Inoubliable : ce mot à lui seul résume la puissance de ce roman.

Betty, c’est Betty Carpenter, fille née au milieu d’une fratrie de huit enfants, d’une mère blanche et d’un père Cherokee. Lumineux, son père lui conte mille et une histoires, et la jeune fille grandit la tête dans les étoiles et dans un monde plein de rêves. Mais tout le monde sait que la réalité n’est pas un conte, et Betty voit peu peu son monde se déchirer en une réalité brusque. Bien sûr, elle n’est pas seule. Elle a des frères et soeurs, tous différents, tous uniques. Et surtout, elle a un père : son père est celui qui sauve la famille, que ce soit des grands maux (il travaille dur chaque jour) mais aussi des petits maux (un bobo à la tête est lié à la nature et donc peut disparaître par magie si on y croit).

 

L’histoire de Betty n’est pas banale, elle est portée par des personnages merveilleux. Mais le merveilleux cache une part sombre, dure : Betty est une jeune métisse dans une société de haine.

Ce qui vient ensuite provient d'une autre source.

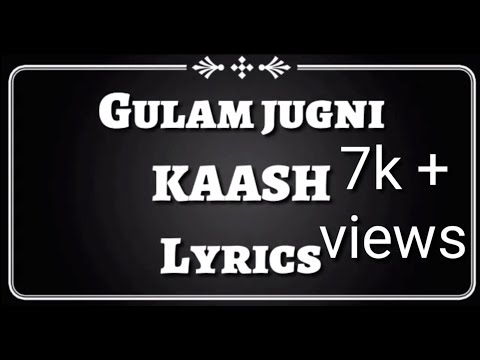 download lagu mp3 mp4 Kaash Lyrics Gulam Jugni, download lagu Kaash Lyrics Gulam Jugni gratis, unduh video klip Kaash Lyrics Gulam Jugni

La jeune fille enterre chaque poison raciste, chaque secret de famille dans un bocal sous terre pour que ces douleurs restent loin de la réalité.

La vie de la famille Carpenter est loin d’être féerique, mais l’innocence de Betty, la poésie de ses pensées et la douceur de son père en font un roman prodigieux et lumineux. C’est assurément un grand livre, dont on pourrait parler pendant des heures.